Issue Date: May 2, 2011
Appeals Court Overturns Stem Cell Research Injunction
The National Institutes of Health can continue funding research involving human embryonic stem cells until a lawsuit about stem cell research is settled, a federal appeals court ruled on April 29. The 2-1 ruling reverses a lower-court decision that barred such funding while the litigation proceeds (C&EN, Aug. 30, 2011, page 4).
The lawsuit was filed by two researchers who claim that NIH's stem cell policy violates the Dickey-Wicker Amendment, a law that prohibits federal funding of any research that destroys human embryos. NIH counters that the agency funds research that uses stem cells that were previously derived from human embryos.
In its long-awaited ruling, the U.S. Circuit Court of Appeals for the District of Columbia sided with NIH and the Obama Administration, saying that the law "does not extend to past actions." The court also agreed with NIH that prohibiting federal funding would be devastating to embryonic stem cell research.
The ruling was viewed as a victory by NIH and the White House. "I am delighted and relieved to learn of the decision of the Court of Appeals," NIH Director Francis S. Collins said in a statement. "This is a momentous day--not only for science, but for the hopes of thousands of patients and their families who are relying on NIH-funded scientists to pursue life-saving discoveries and therapies that could come from stem cell research."

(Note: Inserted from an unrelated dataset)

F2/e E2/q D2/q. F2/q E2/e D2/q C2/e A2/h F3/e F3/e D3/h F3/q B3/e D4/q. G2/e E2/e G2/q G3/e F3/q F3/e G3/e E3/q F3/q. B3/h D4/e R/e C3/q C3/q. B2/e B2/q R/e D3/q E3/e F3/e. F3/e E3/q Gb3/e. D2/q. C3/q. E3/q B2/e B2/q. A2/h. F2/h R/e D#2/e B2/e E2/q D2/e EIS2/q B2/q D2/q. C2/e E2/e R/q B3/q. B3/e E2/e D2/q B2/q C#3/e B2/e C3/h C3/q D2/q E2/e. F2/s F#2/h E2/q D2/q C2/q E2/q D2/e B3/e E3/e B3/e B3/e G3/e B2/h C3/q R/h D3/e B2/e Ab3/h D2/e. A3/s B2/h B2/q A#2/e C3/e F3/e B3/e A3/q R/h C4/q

Scientists are still waiting for a ruling in the underlying lower court case, which could once again freeze federal funding for stem cell research. But last week's ruling by the appeals court suggests that the plaintiffs are unlikely to succeed on the merits of their case, observers predict.
Congress's leading advocate for stem cell research, Rep. Diana L. DeGette (D-Colo.), was pleased with the decision, saying it "offered a measure of stability and continuity to the scores of researchers across America who have been whiplashed by this court case."
Nonetheless, DeGette pledged to continue her efforts to codify federal funding for human embryonic stem cell research. "Embryonic stem cells hold too much promise for too many Americans for us to leave their funding up to the political gamesmanship of Washington. We have already lost valuable time," she said.